Neste mesmo sentido foi decidido na Apelação Cível n.° 0000002-95.2011.8.26.0450, julgada em 13/12/2012, cujo relator foi o então Corregedor Geral da Justiça Desembargador José Renato Nalini, ao tratar do tema em caso diverso, referente à ação de usucapião, mas que por analogia se aplica ao ora examinado: ‘(…) O georrefenciamento almeja a evolução do registro imobiliário, impondo a necessidade de certificação técnica antes do ingresso do título judicial. Jomar Juarez Amorin destaca essa importância nos seguintes termos: No plano jurídico, o georreferenciamento pode ser conceituado como técnica descritiva aplicável aos imóveis rurais, para fins cadastrais. A consequência inegável é o incremento da especialização objetiva do registro imobiliário; ou seja: com a aplicação da descrição georreferenciada se alcança um novo nível de linguagem na especialização do bem matriculado. (…) Antes de ingressar na matrícula como linguagem técnico-descritiva, o georreferenciamento deve ser precedido de ato administrativo de certificação. Assim, o memorial descritivo acompanhado de Anotação de Responsabilidade Técnica é exibido ao INCRA pelo profissional previamente credenciado, para que o órgão federal certifique principalmente a inexistência de sobreposição na linha poligonal (A retificação de registro imobiliário e o georreferenciamento ao sistema geodésico brasileiro. In: Direito imobiliário brasileiro. São Paulo: Quartier Latin, 2011, p. 1134). Nestes termos, o registro da sentença deve ser precedido do ato administrativo da alçada da autarquia federal. (…)’ (DJ: 22/02/2013).

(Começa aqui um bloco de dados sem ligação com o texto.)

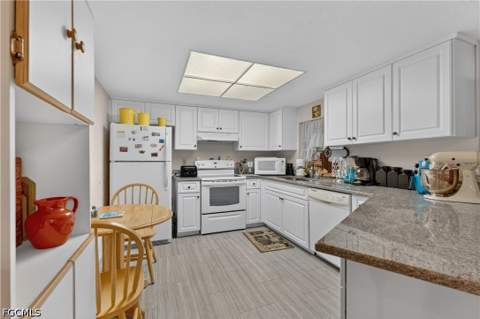 2265 Crystal Dr, Fort Myers FL - photo 7 of 32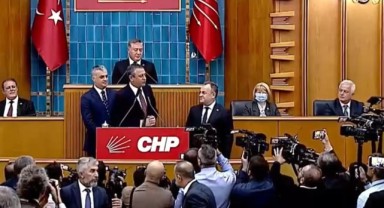 CHP'den 'Etki Ajanlığı' Teklifi İçin Kırmızı Alarm: Özgür Özel Tüm Vekillere Çağrı Yaptı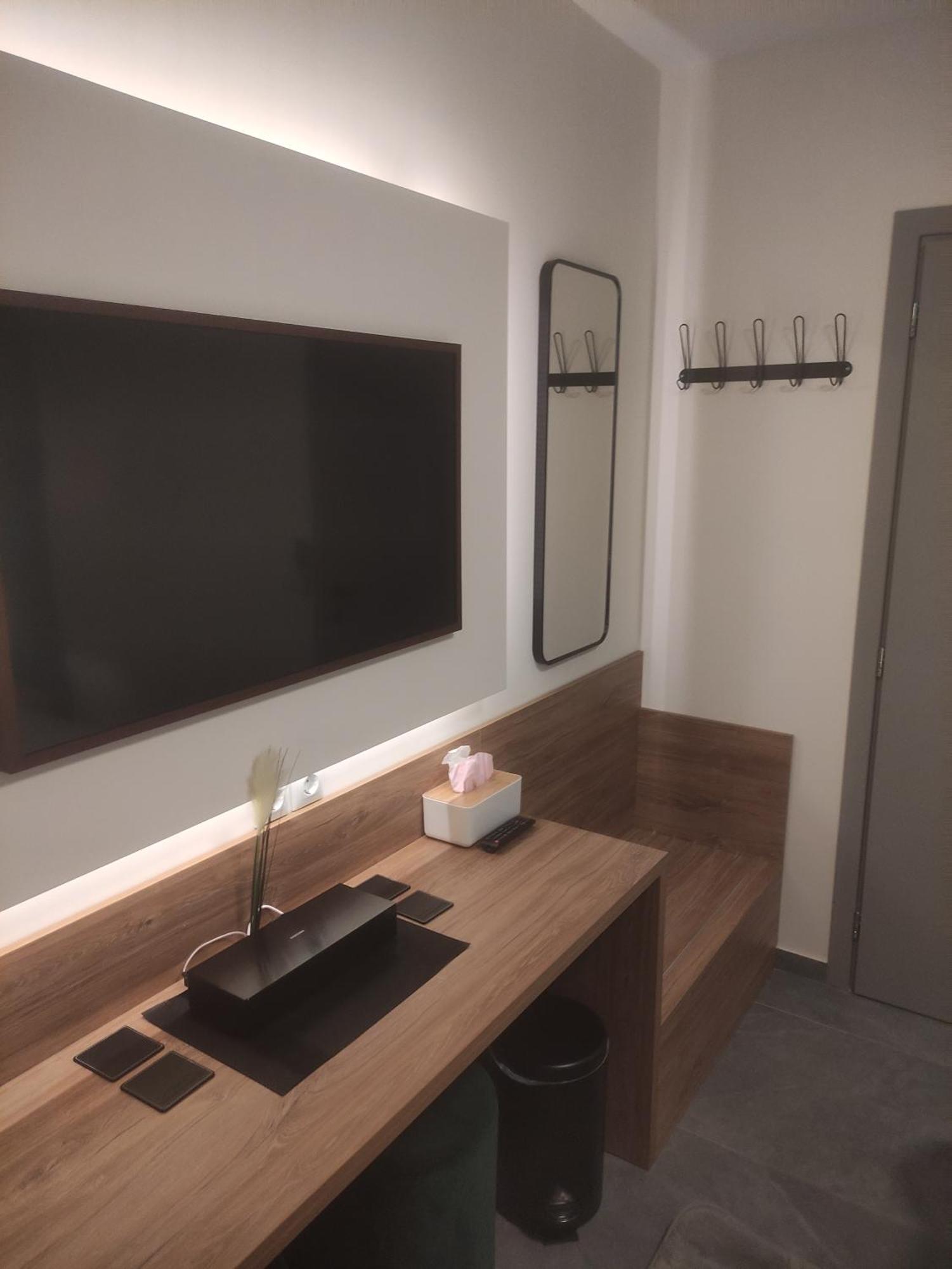 Iqoqo Hotels - Luxury Suites Ioannina Extérieur photo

Em suma, é a matrícula que define, em toda a sua extensão, modalidades e limitações, a situação jurídica do imóvel, razão pela qual o registro da carta de sentença apresentada, mesmo nos casos de instituição de servidões administrativas, deve ser feita em observância ao principio da especialidade objetiva e às demais disposições legais e normativas, o que não se verifica no caso vertente.

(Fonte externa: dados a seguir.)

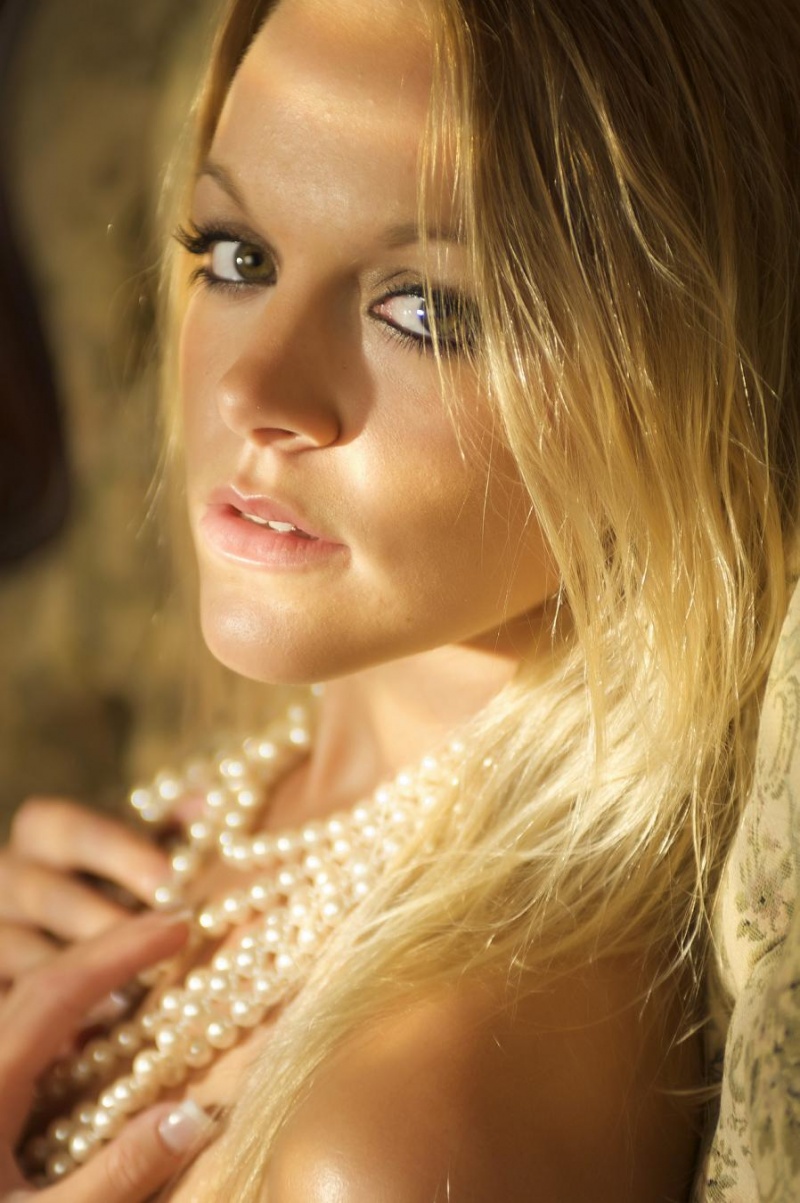 Female model photo shoot of Katelyn Emily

O argumento de que é ônus do proprietário do imóvel promover sua retificação não serve de justificativa para afastar a exigência prevista em lei. Além do mais, embora o titular do domínio tenha como regra legitimidade para pedir a retificação da área, nada obsta que tal pretensão seja apresentada por quem demonstre interesse, como é o caso da apelante, que necessita da retificação para possibilitar o registro do título apresentado, pois, não seria razoável que ficasse à mercê da inércia de terceira pessoa quanto a tal providência.
É neste sentido que deve ser interpretada a expressão “interessado”, trazida no artigo 213, inciso l, da Lei de Registros Públicos, e que confere à recorrente legitimidade para requerer a retificação.
Isto posto, nego provimento ao recurso.